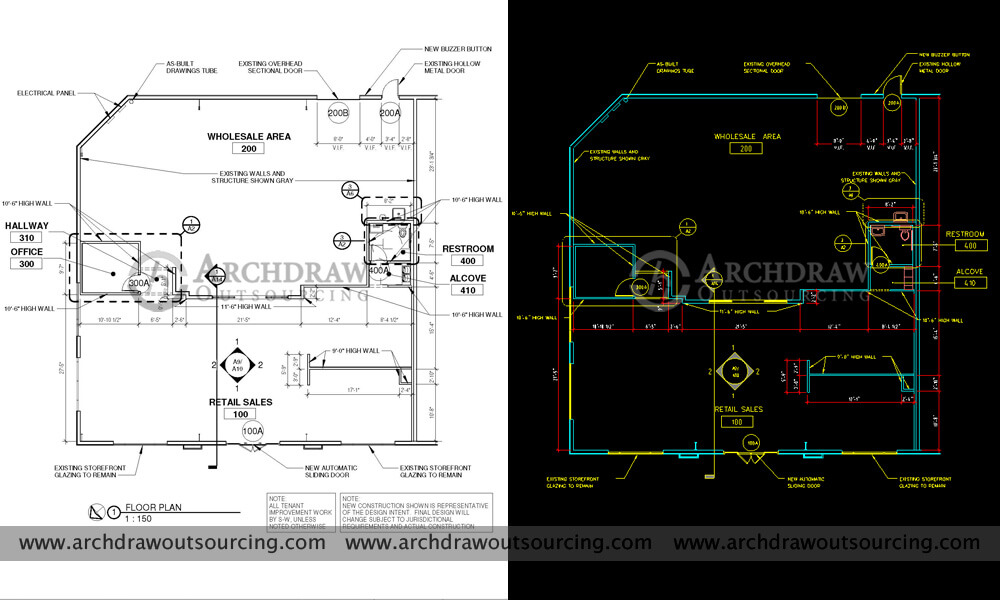 PDF to DWG for Retail Store in Texas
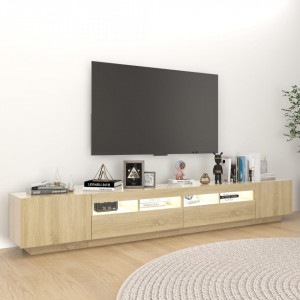 Comodă TV cu lumini LED, stejar Sonoma, 260x35x40 cm - V3081918V - Img 3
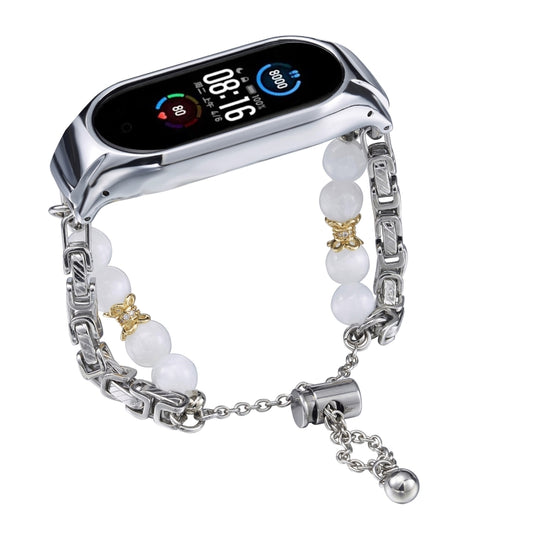 For Xiaomi Mi Band 5 / 6 Crystal Beaded Onyx Watch Band(Silver+Copper Collar) by bashfashion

==================================================

*EXERCISE:* The copy runs from the line containing "Comodă TV cu" through the last line of the material, both ends included. Reproduce those lines exactly and drop the pictures.

*RESPONSE TO THE EXERCISE:*
 Comodă TV cu lumini LED, stejar Sonoma, 260x35x40 cm - V3081918V - Img 3
 For Xiaomi Mi Band 5 / 6 Crystal Beaded Onyx Watch Band(Silver+Copper Collar) by bashfashion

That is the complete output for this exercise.